The material below holds pictures, which are to be left out; copy exactly the lines from the one with "Defensive Handgun" through the one with "KURTKA KOLARSKA SOFTSHELL".

--- DATA SUPPLIED Enclosed Below ---

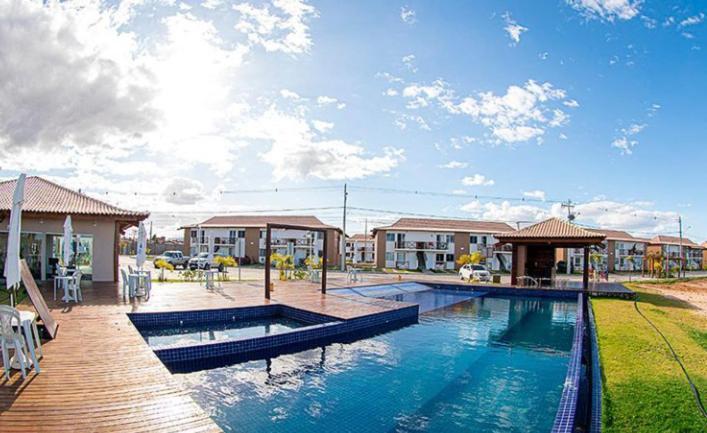 Apartamento Beira Rio No Condominio Brisas Do Lago Paulo Afonso Exterior photo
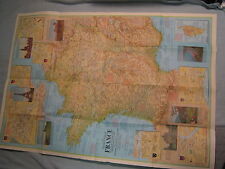 Vintage traveler map for sale  Desoto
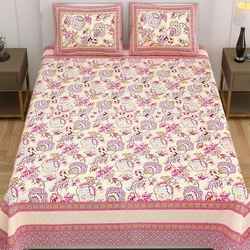 Jaipuri Printed Bedsheet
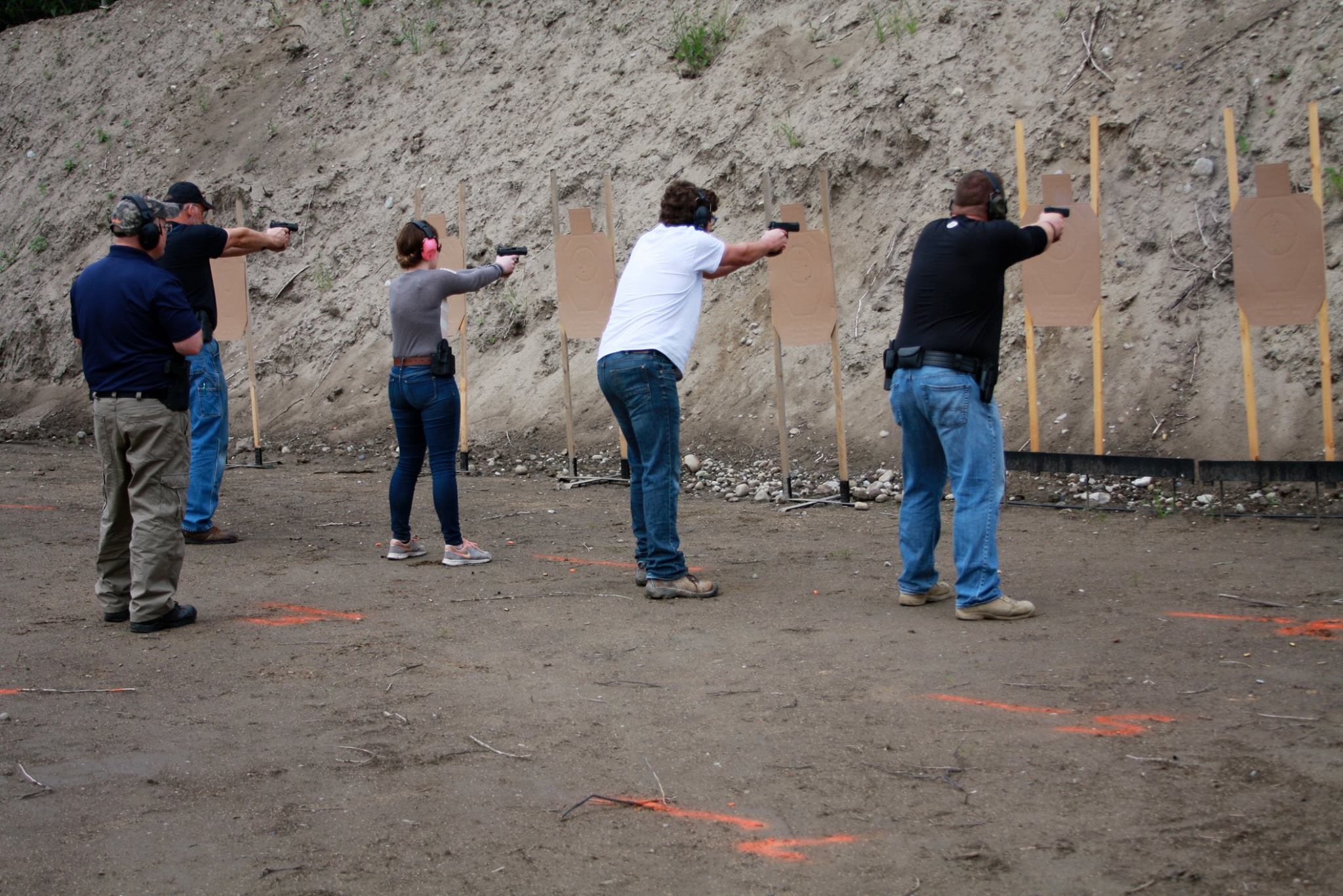 Defensive Handgun
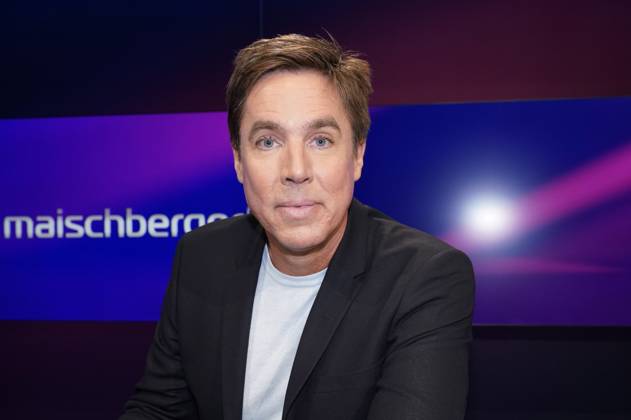 Markus Feldenkirchen on the ARD talk show maischberger in Studio Berlin Adlershof Berlin, 05 03 2025 Foto:xT.xBartillax xFuturexImagex maischberger0503_5318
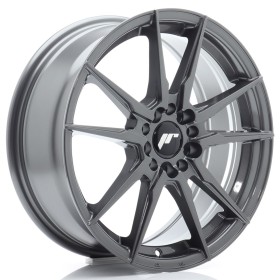 Cerchi Japan Racing JR21 17x7 ET40 4x100-114 Hyper Gray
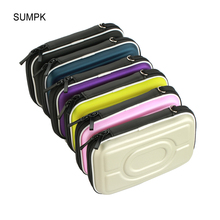 SUMPK 158x100x46mm Storage Cases Colorful Portable Digital Accessories Carry Bags for Mobile Phone/Power bank/HDD/Cameras/MP3 2024 - buy cheap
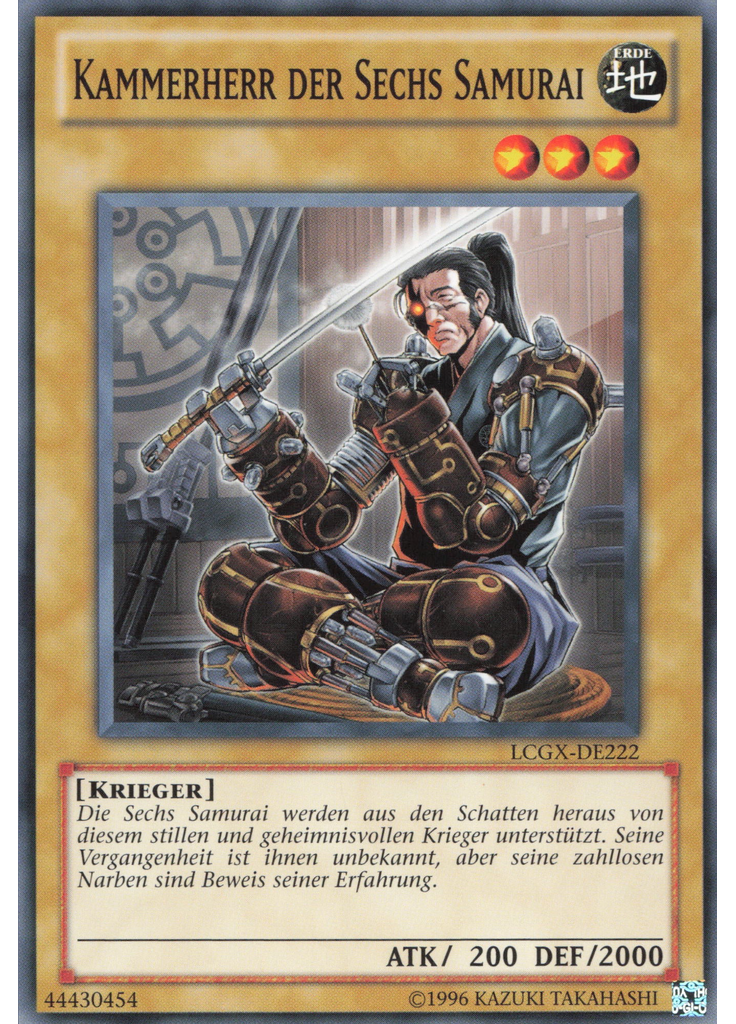Kammerherr der Sechs Samurai (Common Unlimited)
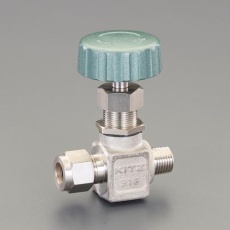 【EA470CN-502】3/8インチ xR1/4インチ ニードルバルブ(ステンレス製)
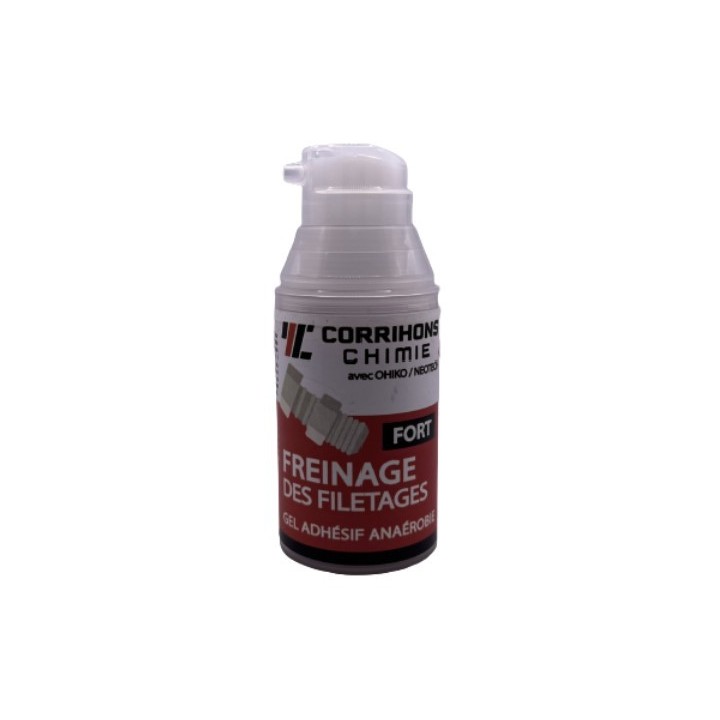 GEL ADHESIF ANAEROBIE/FREINAGE DES FILETAGES FORT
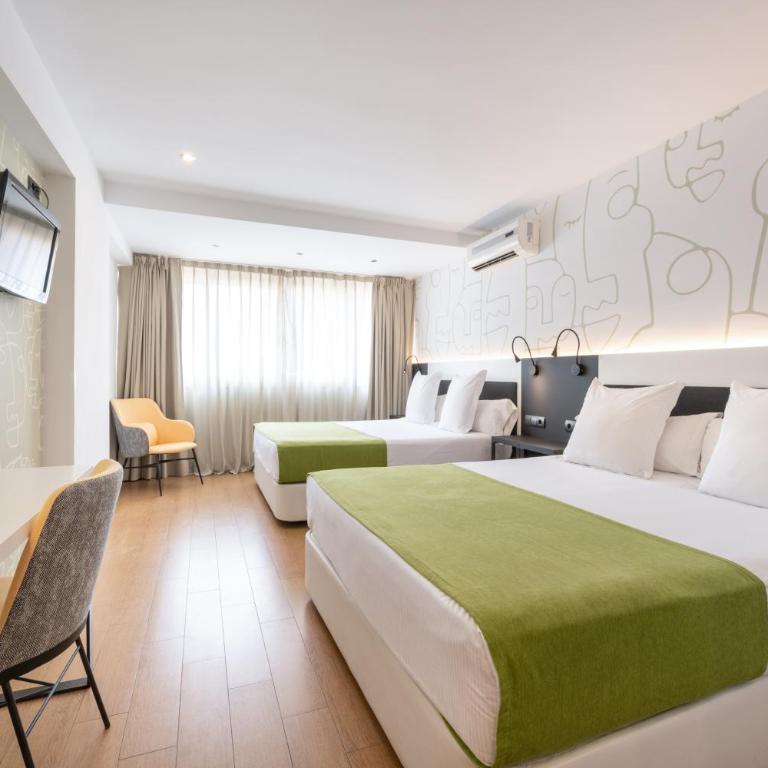 Climia Benidorm Plaza - Habitación Familiar (2 adultos + 1 niño) - 1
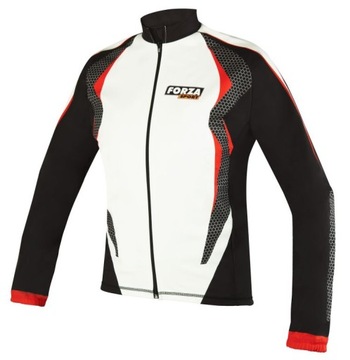 KURTKA KOLARSKA SOFTSHELL FORZA SPORT PEAK XXXL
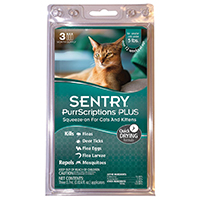 Sentry Ps Plus F&t 3pk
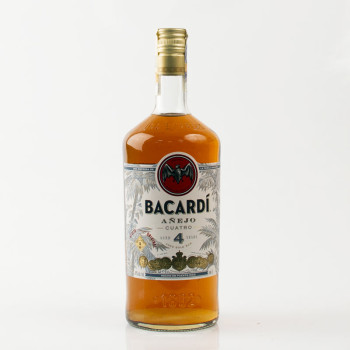 Bacardi Anejo Cuatro 1L 40% - 1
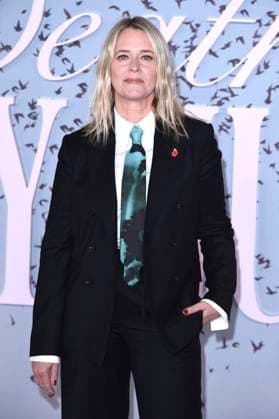 Edith Bowman bei der Premiere der Sky Atlantic-Miniserie The Death of Bunny Munro in der Royal Festival Hall. London, 30.10.2025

--- End of Enclosed DATA SUPPLIED ---

*ANSWER SPACE*:
 Defensive Handgun
 Markus Feldenkirchen on the ARD talk show maischberger in Studio Berlin Adlershof Berlin, 05 03 2025 Foto:xT.xBartillax xFuturexImagex maischberger0503_5318
 Cerchi Japan Racing JR21 17x7 ET40 4x100-114 Hyper Gray
 SUMPK 158x100x46mm Storage Cases Colorful Portable Digital Accessories Carry Bags for Mobile Phone/Power bank/HDD/Cameras/MP3 2024 - buy cheap
Kammerherr der Sechs Samurai (Common Unlimited)
 【EA470CN-502】3/8インチ xR1/4インチ ニードルバルブ(ステンレス製)
 GEL ADHESIF ANAEROBIE/FREINAGE DES FILETAGES FORT
 Climia Benidorm Plaza - Habitación Familiar (2 adultos + 1 niño) - 1
 KURTKA KOLARSKA SOFTSHELL FORZA SPORT PEAK XXXL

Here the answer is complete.